Suppose you hold that the world consists of powers all the way down: all properties consist of causal powers.  [1]Now combine that with Hume’s position on our knowledge of powers: we have no impressions of powers, and hence no adequate conception of powers. Then you are committed to an extreme Kantian view of objective reality: the world is noumenal, because powers are. That is, we have no knowledge of reality as it exists outside the mind; at best we have a kind of structural knowledge of how things hang together, but no knowledge of the intrinsic nature of things. For that nature is essentially a matter of powers, and we cannot conceive of powers as they are in themselves; we are at most acquainted with mere signs of powers, ultimately what happens in our minds as they interact with reality. Thus the world of appearance is cut off from the world of reality: we seem to experience categorical observable properties of things, but objectively reality consists of unperceivable powers. Hume himself didn’t identify all properties with powers, but he did hold (in effect) that causal connections are noumenal; extending his epistemology to a wider metaphysics of properties-as-powers yields extreme Kantianism about reality as a whole. If the world consists of powers, and we can’t form an adequate conception of powers, then we can’t form an adequate conception of the world. We can’t form an adequate conception of what the world fundamentally is.

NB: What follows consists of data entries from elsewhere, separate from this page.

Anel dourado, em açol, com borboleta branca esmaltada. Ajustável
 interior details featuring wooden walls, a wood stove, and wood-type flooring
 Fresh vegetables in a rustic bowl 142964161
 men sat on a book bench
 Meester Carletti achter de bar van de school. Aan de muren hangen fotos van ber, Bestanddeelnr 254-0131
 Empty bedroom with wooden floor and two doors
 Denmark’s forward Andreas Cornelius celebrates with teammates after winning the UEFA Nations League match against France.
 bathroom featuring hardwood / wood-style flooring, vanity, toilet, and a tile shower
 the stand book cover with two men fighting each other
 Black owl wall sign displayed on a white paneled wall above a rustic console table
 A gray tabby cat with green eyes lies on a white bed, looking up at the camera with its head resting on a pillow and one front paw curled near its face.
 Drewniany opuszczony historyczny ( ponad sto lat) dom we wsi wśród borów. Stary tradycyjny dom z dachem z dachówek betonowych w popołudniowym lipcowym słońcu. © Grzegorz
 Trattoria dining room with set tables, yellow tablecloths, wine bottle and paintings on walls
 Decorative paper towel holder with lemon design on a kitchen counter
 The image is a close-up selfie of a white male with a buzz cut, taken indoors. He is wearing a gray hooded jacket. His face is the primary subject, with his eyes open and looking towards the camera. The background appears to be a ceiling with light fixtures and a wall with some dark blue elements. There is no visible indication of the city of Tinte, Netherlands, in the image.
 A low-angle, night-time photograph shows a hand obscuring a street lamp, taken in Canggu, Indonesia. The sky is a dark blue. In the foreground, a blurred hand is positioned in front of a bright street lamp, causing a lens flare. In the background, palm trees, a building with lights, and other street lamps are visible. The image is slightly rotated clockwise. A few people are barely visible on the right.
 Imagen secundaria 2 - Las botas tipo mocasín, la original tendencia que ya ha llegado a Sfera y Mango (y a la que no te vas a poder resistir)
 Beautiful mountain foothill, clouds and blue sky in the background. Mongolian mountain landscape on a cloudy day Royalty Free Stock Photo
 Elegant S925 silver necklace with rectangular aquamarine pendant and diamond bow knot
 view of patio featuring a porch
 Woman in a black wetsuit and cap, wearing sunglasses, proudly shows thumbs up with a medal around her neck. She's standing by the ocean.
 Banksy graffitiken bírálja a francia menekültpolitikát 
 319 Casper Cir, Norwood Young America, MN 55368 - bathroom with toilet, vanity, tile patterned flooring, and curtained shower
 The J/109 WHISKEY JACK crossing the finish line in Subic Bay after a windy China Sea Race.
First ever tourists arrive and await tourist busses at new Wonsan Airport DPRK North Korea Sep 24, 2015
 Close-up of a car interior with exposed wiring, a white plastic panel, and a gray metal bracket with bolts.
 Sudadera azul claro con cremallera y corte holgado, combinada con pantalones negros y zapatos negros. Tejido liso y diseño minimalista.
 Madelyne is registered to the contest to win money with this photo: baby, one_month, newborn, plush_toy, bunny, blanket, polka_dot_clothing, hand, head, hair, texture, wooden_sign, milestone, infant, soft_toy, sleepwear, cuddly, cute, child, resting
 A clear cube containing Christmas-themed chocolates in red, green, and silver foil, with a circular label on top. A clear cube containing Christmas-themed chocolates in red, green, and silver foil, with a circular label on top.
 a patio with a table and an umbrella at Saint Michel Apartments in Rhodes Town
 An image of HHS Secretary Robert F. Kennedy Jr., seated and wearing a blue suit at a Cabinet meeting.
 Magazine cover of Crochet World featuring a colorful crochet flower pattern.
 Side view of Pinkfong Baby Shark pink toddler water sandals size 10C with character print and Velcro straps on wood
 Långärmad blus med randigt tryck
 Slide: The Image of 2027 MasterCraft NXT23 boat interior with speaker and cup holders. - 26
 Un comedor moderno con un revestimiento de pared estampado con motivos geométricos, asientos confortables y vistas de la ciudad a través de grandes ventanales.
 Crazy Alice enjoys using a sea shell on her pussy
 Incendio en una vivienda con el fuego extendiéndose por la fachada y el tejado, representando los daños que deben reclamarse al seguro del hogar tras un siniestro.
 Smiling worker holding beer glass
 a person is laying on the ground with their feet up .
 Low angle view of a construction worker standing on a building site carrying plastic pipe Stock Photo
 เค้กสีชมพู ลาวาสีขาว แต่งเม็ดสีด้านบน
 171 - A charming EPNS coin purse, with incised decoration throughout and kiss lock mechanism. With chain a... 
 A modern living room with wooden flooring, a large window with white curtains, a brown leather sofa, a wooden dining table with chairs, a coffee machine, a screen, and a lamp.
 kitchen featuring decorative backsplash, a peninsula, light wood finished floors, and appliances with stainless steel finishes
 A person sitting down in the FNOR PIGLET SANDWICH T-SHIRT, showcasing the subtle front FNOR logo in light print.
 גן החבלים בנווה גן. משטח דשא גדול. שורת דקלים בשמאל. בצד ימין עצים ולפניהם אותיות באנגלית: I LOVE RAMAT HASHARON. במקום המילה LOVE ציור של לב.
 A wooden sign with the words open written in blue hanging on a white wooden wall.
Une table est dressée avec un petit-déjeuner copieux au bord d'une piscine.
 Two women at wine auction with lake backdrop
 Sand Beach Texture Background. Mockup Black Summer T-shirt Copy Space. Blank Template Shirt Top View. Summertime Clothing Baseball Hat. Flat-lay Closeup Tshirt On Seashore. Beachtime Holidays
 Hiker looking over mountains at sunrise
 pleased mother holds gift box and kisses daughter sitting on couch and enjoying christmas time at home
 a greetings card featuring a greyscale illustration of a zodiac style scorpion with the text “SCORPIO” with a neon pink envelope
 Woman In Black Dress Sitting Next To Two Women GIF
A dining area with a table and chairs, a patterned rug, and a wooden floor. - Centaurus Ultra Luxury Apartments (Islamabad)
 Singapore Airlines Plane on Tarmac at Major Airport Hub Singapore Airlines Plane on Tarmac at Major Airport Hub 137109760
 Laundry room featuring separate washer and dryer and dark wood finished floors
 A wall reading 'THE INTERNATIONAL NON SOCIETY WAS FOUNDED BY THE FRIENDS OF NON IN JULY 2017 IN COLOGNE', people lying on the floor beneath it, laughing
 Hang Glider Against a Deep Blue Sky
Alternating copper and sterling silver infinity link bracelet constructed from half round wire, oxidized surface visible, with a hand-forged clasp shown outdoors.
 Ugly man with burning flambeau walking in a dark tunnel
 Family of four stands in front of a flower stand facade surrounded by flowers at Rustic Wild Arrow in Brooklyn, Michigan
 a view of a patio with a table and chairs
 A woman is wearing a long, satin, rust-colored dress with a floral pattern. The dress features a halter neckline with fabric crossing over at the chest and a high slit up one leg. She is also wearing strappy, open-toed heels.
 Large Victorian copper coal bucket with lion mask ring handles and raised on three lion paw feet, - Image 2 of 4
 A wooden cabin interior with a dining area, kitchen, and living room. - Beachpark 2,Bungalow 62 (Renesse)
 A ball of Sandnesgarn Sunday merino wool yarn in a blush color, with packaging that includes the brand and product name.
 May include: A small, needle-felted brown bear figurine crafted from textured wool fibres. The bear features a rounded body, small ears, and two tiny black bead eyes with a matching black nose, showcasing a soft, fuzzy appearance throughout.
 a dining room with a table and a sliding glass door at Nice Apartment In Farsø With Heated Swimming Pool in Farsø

            Two objections might be made to this sweeping metaphysics and accompanying epistemology. The first is that it is implausible to identify the world with a constellation of powers—there have to be grounding categorical properties somewhere in the picture, because powers cannot stand unsupported. Let us concede the point for the sake of argument: it doesn’t follow that we have adequate ideas of reality, since the grounding properties might be unknown to us. It suffices for the argument that all observable or known properties are powers: even if there are categorical properties at the bottom of reality (belonging, say, to some advanced physics), all the properties we know about consist in powers. So everything we know of the world turns out to be an elusive power—shape, size, color, etc. What we think of as ordinary properties are really powers whose inner nature we cannot discern.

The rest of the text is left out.